Matchmaking is the invisible engine of modern competitive play. Whether you are queuing up for a quick game of online chess or dropping into a massive multiplayer arena, an algorithm is quietly calculating your worth. The goal is always the flow state: matching you with opponents just skilled enough to challenge you, but not so dominant that they crush your spirit.[6]
Achieving this balance requires translating human ability into mathematics. Over the last sixty years, the algorithms tasked with this translation have evolved from simple, single-number ledgers to complex probability distributions. Today, three major systems dominate the landscape of competitive ranking: the classic Elo system, the highly responsive Glicko-2, and Microsoft’s team-focused TrueSkill.[6]
The grandfather of them all is the Elo rating system, developed in 1960 by physics professor and chess master Arpad Elo. Designed to replace the flawed Harkness system, Elo introduced a rigorous statistical foundation to competition. It assumes that a player’s performance in any given match is a normally distributed random variable, and their rating represents the mean of that distribution.[1]
The mechanics of Elo are elegantly simple. It is a zero-sum exchange: if a player with a 1200 rating defeats a player with a 1600 rating, the underdog takes significantly more points than if the roles were reversed. The system is entirely self-correcting over long periods; if your rating is artificially high, you will eventually lose to lower-rated players and bleed points until you reach your true level.[1]

In a side-by-side trade-off analysis, the case for Elo rests heavily on its transparency. The 'for' argument highlights its mathematical simplicity—players can easily calculate their expected point gains or losses before a match even begins. The evidence for its enduring utility is clear: the World Chess Federation (FIDE) still uses Elo to rank the greatest grandmasters on Earth.[1]
However, the 'against' argument for Elo exposes a critical flaw for digital gaming: it treats all ratings as equally precise. The algorithm does not know if a player has logged ten games or ten thousand.
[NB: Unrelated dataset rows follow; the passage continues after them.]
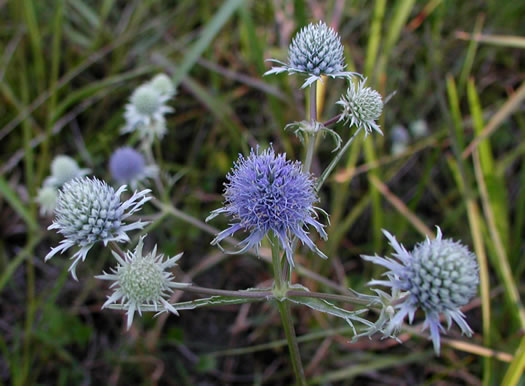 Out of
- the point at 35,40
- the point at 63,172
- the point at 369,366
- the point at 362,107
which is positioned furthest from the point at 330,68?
the point at 35,40

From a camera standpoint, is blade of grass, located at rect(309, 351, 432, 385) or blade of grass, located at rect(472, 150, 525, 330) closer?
blade of grass, located at rect(472, 150, 525, 330)

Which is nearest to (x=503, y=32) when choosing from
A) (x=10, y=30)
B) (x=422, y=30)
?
(x=422, y=30)

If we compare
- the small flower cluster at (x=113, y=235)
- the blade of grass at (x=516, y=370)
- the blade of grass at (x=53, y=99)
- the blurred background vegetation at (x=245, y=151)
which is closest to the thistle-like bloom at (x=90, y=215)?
the small flower cluster at (x=113, y=235)

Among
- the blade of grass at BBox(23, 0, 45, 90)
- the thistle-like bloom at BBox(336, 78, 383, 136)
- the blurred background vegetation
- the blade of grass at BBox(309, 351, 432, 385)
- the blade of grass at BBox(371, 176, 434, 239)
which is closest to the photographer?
the thistle-like bloom at BBox(336, 78, 383, 136)

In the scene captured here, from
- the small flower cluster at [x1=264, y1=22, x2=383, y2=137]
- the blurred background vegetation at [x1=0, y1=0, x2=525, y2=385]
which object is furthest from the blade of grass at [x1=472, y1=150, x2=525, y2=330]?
the small flower cluster at [x1=264, y1=22, x2=383, y2=137]

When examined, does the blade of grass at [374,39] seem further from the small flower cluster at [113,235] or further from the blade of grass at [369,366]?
the small flower cluster at [113,235]

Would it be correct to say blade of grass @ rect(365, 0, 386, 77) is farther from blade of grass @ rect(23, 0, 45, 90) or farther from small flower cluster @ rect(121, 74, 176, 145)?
blade of grass @ rect(23, 0, 45, 90)
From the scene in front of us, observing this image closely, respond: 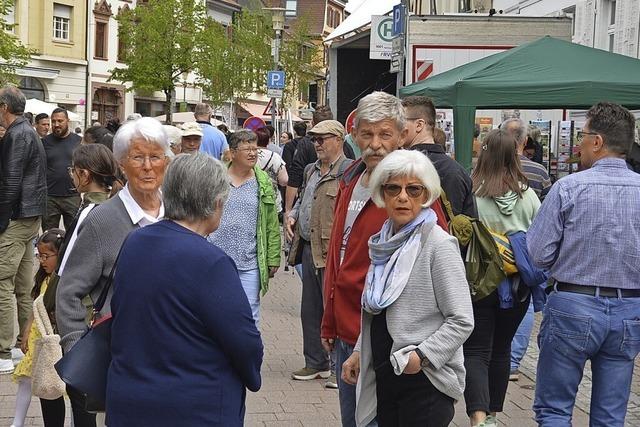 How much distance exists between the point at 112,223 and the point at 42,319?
109 centimetres

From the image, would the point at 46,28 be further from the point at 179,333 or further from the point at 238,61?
the point at 179,333

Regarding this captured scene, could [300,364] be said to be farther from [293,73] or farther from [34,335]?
[293,73]

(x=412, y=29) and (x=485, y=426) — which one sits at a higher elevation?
(x=412, y=29)

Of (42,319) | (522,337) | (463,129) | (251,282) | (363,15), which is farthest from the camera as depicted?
(363,15)

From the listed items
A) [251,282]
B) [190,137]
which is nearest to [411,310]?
[251,282]

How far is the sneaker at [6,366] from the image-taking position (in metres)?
7.99

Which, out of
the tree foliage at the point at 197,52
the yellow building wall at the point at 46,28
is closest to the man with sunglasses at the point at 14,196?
the yellow building wall at the point at 46,28

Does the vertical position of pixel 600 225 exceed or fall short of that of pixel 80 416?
it exceeds it

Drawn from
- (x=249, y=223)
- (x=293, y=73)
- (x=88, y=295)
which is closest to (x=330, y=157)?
(x=249, y=223)

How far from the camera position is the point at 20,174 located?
8203 millimetres

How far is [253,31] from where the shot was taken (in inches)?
2093

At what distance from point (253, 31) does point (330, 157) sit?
152ft

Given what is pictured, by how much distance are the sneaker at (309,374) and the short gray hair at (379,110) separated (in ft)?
12.1

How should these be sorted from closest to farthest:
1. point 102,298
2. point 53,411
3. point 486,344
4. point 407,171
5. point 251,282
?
1. point 407,171
2. point 102,298
3. point 53,411
4. point 486,344
5. point 251,282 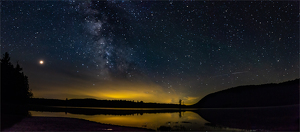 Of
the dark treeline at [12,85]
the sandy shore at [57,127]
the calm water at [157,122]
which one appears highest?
the dark treeline at [12,85]

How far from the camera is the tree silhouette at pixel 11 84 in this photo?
49.2 m

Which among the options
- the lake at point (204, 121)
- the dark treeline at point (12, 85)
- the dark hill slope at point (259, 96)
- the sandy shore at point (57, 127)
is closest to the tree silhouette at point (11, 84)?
the dark treeline at point (12, 85)

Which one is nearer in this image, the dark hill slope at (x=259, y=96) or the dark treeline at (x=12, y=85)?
the dark treeline at (x=12, y=85)

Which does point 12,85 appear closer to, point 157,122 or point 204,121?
point 157,122

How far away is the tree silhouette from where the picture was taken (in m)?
49.2

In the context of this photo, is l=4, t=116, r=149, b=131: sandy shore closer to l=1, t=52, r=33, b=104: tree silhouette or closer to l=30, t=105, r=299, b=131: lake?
l=30, t=105, r=299, b=131: lake

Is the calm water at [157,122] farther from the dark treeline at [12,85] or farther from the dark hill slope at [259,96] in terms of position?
the dark hill slope at [259,96]

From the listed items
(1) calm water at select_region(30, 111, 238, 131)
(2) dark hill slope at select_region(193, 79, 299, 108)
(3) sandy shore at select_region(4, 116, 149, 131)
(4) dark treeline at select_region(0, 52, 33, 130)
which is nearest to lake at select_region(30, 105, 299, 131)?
(1) calm water at select_region(30, 111, 238, 131)

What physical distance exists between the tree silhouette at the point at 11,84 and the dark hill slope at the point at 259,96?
131231 millimetres

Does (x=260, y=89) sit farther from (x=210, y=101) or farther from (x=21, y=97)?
(x=21, y=97)

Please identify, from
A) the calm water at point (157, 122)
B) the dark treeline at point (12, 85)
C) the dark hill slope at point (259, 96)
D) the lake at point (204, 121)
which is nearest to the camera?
the lake at point (204, 121)

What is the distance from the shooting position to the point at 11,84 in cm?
5069

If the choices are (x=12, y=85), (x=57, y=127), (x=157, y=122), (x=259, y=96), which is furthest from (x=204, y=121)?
(x=259, y=96)

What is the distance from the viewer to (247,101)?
141875 mm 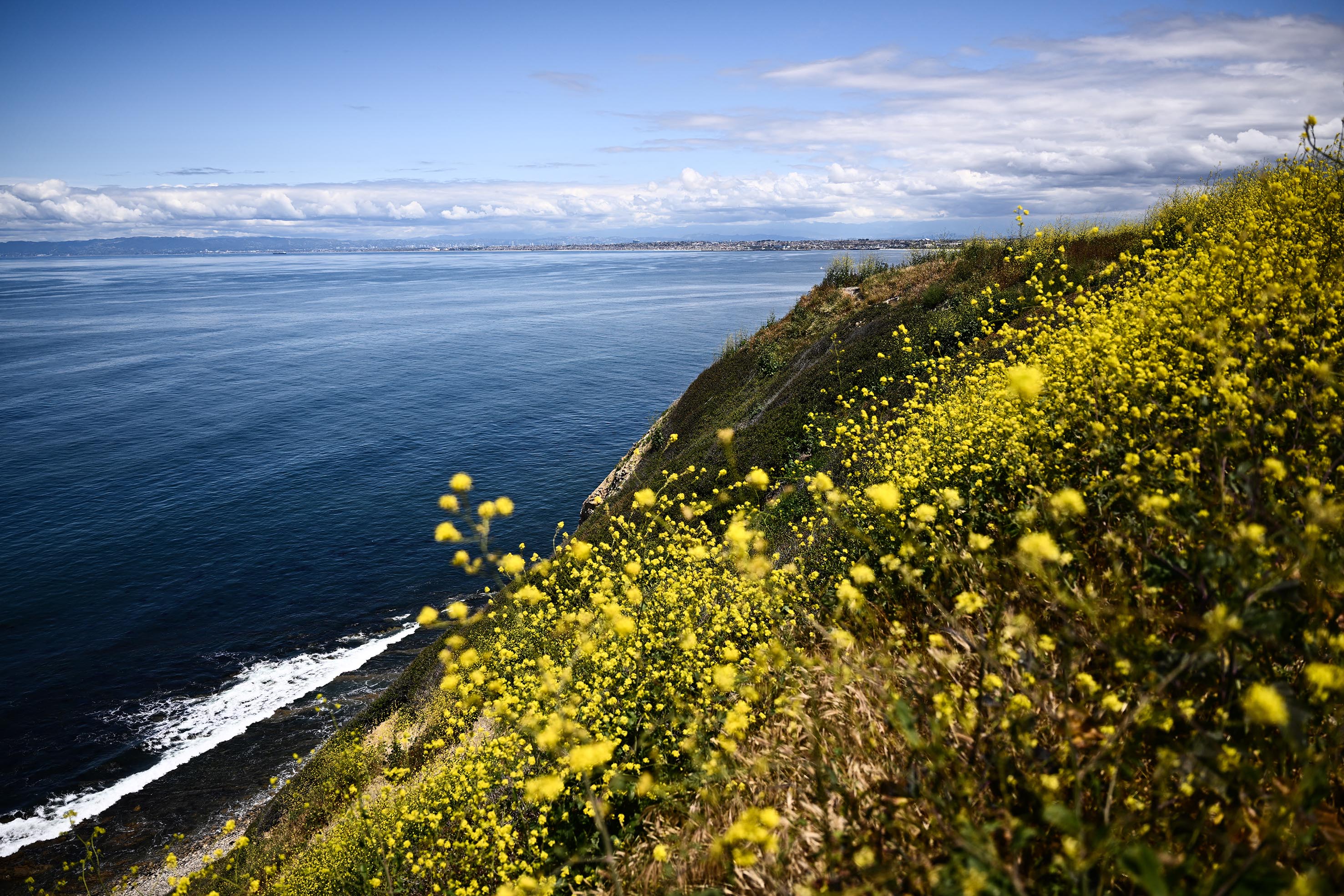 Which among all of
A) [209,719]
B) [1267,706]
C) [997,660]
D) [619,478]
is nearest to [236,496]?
[209,719]

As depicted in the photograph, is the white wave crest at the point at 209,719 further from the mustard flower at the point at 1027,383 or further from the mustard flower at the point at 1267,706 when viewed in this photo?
the mustard flower at the point at 1267,706

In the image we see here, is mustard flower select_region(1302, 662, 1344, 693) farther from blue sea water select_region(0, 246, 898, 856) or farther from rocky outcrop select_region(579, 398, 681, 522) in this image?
blue sea water select_region(0, 246, 898, 856)

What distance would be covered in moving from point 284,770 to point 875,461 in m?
18.5

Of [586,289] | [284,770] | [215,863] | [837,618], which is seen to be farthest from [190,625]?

Because it lacks a mechanism to measure its own uncertainty, Elo is notoriously slow to adjust when a player rapidly improves or when a highly skilled player opens a brand-new account.[1][2]
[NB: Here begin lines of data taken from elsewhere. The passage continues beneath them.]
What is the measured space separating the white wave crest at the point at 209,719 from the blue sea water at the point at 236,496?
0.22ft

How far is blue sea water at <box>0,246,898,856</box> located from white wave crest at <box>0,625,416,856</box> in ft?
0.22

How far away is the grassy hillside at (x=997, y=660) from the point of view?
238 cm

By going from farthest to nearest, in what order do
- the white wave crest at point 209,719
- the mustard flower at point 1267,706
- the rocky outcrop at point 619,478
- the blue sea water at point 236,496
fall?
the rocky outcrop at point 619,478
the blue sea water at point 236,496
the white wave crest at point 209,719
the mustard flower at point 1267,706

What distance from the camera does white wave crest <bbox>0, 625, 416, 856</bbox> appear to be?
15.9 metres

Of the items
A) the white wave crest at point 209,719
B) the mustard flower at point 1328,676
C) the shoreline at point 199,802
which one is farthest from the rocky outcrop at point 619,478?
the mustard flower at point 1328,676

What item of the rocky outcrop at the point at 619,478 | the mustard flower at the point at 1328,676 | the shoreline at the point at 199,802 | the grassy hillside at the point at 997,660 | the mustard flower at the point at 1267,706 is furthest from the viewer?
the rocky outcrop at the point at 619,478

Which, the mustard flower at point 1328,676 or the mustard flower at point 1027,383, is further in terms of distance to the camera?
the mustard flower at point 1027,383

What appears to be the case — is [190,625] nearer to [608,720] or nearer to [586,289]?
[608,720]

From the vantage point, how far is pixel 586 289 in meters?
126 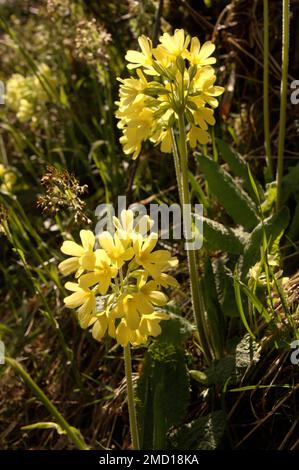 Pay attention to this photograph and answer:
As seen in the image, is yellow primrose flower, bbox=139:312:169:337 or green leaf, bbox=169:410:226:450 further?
green leaf, bbox=169:410:226:450

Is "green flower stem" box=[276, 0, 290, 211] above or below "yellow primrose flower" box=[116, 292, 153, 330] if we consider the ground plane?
above

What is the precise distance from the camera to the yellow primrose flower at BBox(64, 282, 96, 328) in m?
1.37

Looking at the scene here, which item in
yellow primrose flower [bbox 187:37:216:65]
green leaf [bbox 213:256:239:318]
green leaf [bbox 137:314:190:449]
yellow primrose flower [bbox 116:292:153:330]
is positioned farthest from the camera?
green leaf [bbox 213:256:239:318]

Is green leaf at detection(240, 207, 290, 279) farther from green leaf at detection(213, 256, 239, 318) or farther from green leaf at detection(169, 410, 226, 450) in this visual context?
green leaf at detection(169, 410, 226, 450)

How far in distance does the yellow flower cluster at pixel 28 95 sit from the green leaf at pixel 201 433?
1.63 meters

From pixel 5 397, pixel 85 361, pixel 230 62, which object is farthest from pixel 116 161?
pixel 5 397

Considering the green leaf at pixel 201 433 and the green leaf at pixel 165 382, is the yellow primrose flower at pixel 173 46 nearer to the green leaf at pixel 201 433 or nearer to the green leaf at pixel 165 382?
the green leaf at pixel 165 382

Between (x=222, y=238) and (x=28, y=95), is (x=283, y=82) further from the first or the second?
(x=28, y=95)

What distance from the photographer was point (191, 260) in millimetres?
1679

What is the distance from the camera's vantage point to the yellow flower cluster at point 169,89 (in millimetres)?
1552

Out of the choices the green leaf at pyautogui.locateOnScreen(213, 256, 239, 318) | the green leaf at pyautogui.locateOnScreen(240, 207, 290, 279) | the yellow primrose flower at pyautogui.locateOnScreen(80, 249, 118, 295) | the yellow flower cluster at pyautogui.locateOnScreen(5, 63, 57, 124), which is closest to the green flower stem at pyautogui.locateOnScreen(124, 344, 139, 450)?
the yellow primrose flower at pyautogui.locateOnScreen(80, 249, 118, 295)

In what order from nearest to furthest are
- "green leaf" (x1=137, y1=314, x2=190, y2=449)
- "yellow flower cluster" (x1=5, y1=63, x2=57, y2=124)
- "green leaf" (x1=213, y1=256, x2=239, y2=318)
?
1. "green leaf" (x1=137, y1=314, x2=190, y2=449)
2. "green leaf" (x1=213, y1=256, x2=239, y2=318)
3. "yellow flower cluster" (x1=5, y1=63, x2=57, y2=124)

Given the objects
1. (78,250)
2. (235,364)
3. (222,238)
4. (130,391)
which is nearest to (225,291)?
(222,238)

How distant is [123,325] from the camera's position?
1.35 meters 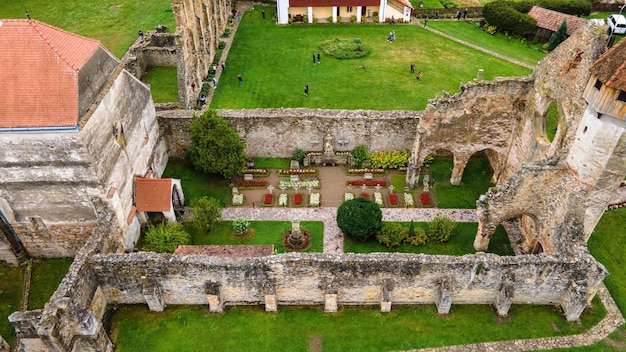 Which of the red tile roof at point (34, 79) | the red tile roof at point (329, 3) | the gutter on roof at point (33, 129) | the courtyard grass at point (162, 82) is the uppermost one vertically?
the red tile roof at point (34, 79)

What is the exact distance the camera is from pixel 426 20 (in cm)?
5391

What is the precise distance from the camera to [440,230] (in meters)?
26.3

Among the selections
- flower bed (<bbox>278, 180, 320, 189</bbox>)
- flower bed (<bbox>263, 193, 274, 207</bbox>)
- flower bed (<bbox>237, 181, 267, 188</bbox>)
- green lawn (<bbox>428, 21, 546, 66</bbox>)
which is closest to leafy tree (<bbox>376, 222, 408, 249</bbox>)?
flower bed (<bbox>278, 180, 320, 189</bbox>)

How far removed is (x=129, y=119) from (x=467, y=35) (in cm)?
3973

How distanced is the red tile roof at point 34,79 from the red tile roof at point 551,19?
47442 millimetres

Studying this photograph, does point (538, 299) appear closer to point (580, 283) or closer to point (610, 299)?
point (580, 283)

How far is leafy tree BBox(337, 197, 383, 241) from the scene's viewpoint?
999 inches

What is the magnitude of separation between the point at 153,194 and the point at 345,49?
27852mm

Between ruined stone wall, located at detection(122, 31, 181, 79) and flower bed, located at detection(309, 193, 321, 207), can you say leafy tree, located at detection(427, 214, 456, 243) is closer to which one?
flower bed, located at detection(309, 193, 321, 207)

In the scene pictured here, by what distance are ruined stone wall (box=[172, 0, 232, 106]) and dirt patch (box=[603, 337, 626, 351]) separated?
1201 inches

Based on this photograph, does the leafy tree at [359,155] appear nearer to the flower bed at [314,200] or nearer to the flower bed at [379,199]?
the flower bed at [379,199]

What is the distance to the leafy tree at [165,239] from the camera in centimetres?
2431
This sluggishness birthed the concept of 'Elo hell,' where players feel trapped in a low rank, requiring hundreds of games to grind their way out. To solve this, Harvard statistics professor Mark Glickman developed the Glicko system in 1995, and later refined it into Glicko-2 in 2000. Glickman realized that a single number was insufficient; the system needed to know how confident it was in that number.[2]
Glicko-2 introduces two new dimensions to a player's profile: Rating Deviation (RD) and Volatility. Rating Deviation measures the system's uncertainty. If you play every day, your RD shrinks, and your rating stabilizes. If you take a six-month break, your RD expands, meaning the system will allow your rating to swing wildly once you return until it re-establishes your baseline.[2]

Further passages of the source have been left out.